### Problem to solve
Copy out each line in the material below that has the word "Thumbnail".

### Supplied material
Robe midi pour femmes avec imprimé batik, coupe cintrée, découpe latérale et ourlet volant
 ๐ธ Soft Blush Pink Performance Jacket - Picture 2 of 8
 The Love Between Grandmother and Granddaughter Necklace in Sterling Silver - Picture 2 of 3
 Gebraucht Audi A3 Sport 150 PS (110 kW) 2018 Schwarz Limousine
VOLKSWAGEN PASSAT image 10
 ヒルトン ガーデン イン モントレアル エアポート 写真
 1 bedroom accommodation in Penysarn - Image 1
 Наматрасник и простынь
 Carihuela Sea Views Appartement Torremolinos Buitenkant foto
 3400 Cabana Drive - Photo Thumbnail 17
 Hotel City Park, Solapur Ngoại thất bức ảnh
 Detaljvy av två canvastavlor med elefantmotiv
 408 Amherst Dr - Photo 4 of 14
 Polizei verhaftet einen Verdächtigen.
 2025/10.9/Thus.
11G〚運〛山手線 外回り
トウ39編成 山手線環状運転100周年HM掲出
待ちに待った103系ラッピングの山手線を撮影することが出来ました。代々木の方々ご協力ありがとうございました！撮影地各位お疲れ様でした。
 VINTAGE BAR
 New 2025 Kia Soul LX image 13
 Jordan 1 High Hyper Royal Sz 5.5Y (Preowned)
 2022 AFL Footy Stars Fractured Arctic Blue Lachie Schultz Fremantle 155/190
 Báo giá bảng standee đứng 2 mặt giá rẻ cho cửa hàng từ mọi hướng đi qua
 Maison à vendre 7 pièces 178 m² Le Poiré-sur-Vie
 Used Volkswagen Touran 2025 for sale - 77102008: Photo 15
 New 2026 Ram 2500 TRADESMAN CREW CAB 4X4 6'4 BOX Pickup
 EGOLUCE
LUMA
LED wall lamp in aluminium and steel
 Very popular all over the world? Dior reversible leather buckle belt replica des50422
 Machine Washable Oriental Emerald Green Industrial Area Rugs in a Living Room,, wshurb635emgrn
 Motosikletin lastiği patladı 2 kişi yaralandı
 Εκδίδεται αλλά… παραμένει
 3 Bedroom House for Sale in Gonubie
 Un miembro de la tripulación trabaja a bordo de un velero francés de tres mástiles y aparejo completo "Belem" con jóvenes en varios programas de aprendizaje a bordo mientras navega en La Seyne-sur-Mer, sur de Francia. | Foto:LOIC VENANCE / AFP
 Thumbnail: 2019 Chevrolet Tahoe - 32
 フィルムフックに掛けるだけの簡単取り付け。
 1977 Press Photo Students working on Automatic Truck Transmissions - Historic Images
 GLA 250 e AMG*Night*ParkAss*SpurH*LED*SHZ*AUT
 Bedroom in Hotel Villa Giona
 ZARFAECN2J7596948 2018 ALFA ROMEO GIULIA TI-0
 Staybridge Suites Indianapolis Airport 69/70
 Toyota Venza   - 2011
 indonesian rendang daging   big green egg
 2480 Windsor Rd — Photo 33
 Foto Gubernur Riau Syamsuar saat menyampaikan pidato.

### Expected answer
 3400 Cabana Drive - Photo Thumbnail 17
 Thumbnail: 2019 Chevrolet Tahoe - 32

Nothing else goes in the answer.